Using scRNAseq, Huang et al. found that TAMs and granulocytic MDSCs were increased in colorectal tumors and had high inhibitory signatures, including increased expression of SIRPA, which was associated with poor survival and tumor recurrence. In Sirpa-deficient mice, tumor growth was suppressed – an effect associated with increased antitumor Ccl8hi TAM and H2-Q10hi gMDSC subsets. Sirpa−/− macrophages showed increased phagocytic activity and antigen presentation, mediated enhanced T cell activation, and recruited T cells via Syk/Btk-dependent Ccl8 secretion. These TIME reprogramming effects were independent of interactions between Sirpα and CD47.
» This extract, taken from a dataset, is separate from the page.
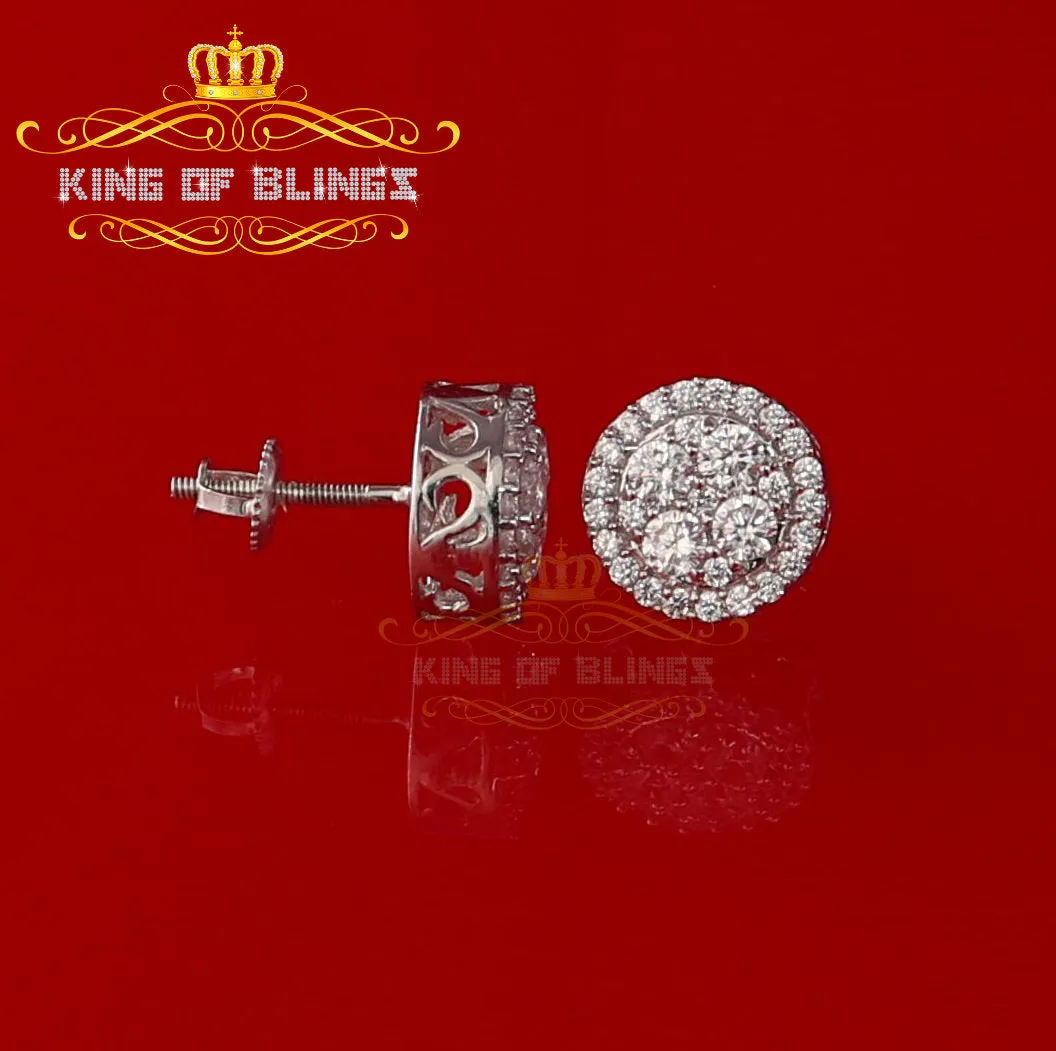 King of Blings- White 925 Sterling Silver 1.77ct Cubic Zirconia Hip Hop Round Earring For Ladies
Contributed by Lauren Hitchings
ABSTRACT: Immunosuppressive myeloid cells hinder immunotherapeutic efficacy in tumors, but the precise mechanisms remain undefined. Here, by performing single-cell RNA sequencing in colorectal cancer tissues, we found tumor-associated macrophages and granulocytic myeloid-derived suppressor cells increased most compared to their counterparts in normal tissue and displayed the highest immune-inhibitory signatures among all immunocytes. These cells exhibited significantly increased expression of immunoreceptor tyrosine-based inhibitory motif-bearing receptors, including SIRPA. Notably, Sirpa-/- mice were more resistant to tumor progression than wild-type mice. Moreover, Sirpα deficiency reprogramed the tumor microenvironment through expansion of TAM_Ccl8hi and gMDSC_H2-Q10hi subsets showing strong antitumor activity. Sirpa-/- macrophages presented strong phagocytosis and antigen presentation to enhance T cell activation and proliferation. Furthermore, Sirpa-/- macrophages facilitated T cell recruitment via Syk/Btk-dependent Ccl8 secretion. Therefore, Sirpα deficiency enhances innate and adaptive immune activation independent of expression of CD47 and Sirpα blockade could be a promising strategy to improve cancer immunotherapy efficacy.